Metadata-Version: 2.4
Name: toporag
Version: 0.1.0
Summary: A topological data analysis library for detecting knowledge gaps in RAG systems.
Project-URL: Homepage, https://github.com/MuLIAICHI/toporag
Author: Mustapha LIAICHI
License: MIT
Requires-Python: >=3.9
Requires-Dist: beautifulsoup4>=4.10.0
Requires-Dist: httpx>=0.20.0
Requires-Dist: numpy>=1.20.0
Requires-Dist: openai>=1.0.0
Requires-Dist: ripser>=0.6.0
Requires-Dist: scikit-learn>=1.0.0
Description-Content-Type: text/markdown

# TopoRAG

TopoRAG is a Topological Data Analysis (TDA) library designed to detect conceptual gaps and blind spots in text documents, specifically useful for evaluating the context retrieved in Retrieval-Augmented Generation (RAG) pipelines.

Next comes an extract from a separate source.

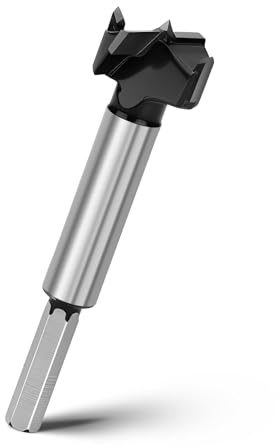 Broca Forstner de 26 mm, broca para madera de 93 mm de longitud con vástago hexagonal para agujeros profundos para madera, madera dura, madera blanda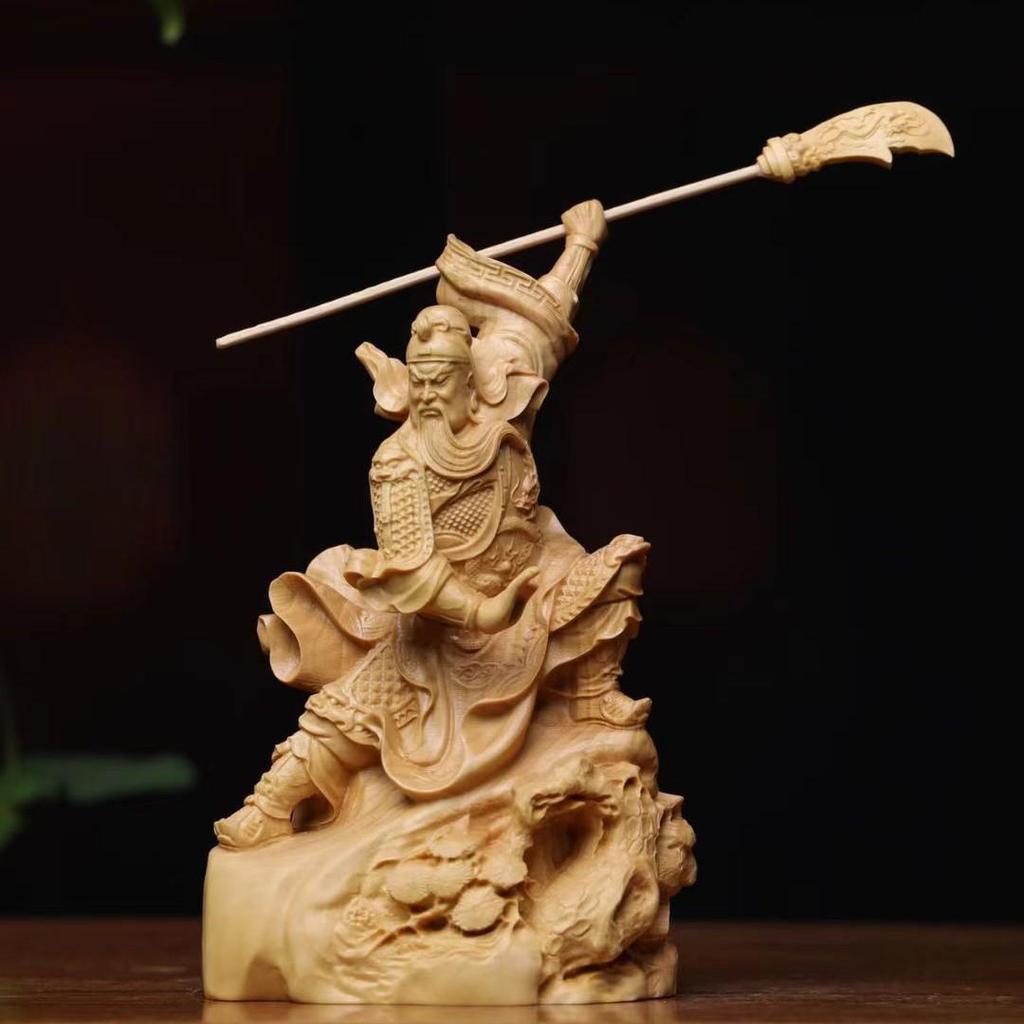Small-Leaf Boxwood Carving: Mighty Guan Gong Ornament, Scenic Spot Style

By using Persistent Homology (via Ripser), it identifies topological "holes" in the semantic embedding space of your text, and then uses an LLM to label those missing concepts.

## Installation

```bash
pip install toporag
```

*(Note: Currently in development, install from source)*
```bash
git clone <repository>
cd toporag_lib
pip install -e .
```

## Setup

You need an OpenAI API key for text embeddings (`text-embedding-3-small`) and gap labeling (`gpt-4o-mini`). 

```bash
export OPENAI_API_KEY="sk-..."
```

## Basic Usage

```python
import asyncio
from toporag import TopoAnalyzer

async def main():
    analyzer = TopoAnalyzer() # Automatically picks up OPENAI_API_KEY
    
    texto = """
    We started the project with great enthusiasm. The team was assembled, 
    requirements were gathered, and we had a solid plan for the architecture.
    
    Finally, we deployed the application to production and celebrated our success. 
    The customers loved the final result and our metrics improved dramatically.
    """
    
    gaps = await analyzer.analyze_text(texto)
    for gap in gaps:
        print(f"Missing Topic: {gap['topic_label']}")
        print(f"Explanation: {gap['explanation']}")
        print("---")

if __name__ == "__main__":
    asyncio.run(main())
```

## API

### `TopoAnalyzer.analyze_text(text: str, threshold: float = 0.15, max_holes: int = 5, generate_suggestions: bool = True)`
Splits the text into segments, embeds them, finds gaps with persistence above `threshold`, and uses the LLM to label up to `max_holes` gaps.

### `TopoAnalyzer.analyze_url(url: str, ...)`
Scrapes the URL for readable text and runs the topological analysis.

### `TopoAnalyzer.analyze_segments(segments: List[str], ...)`
Runs the analysis directly on a pre-chunked list of strings.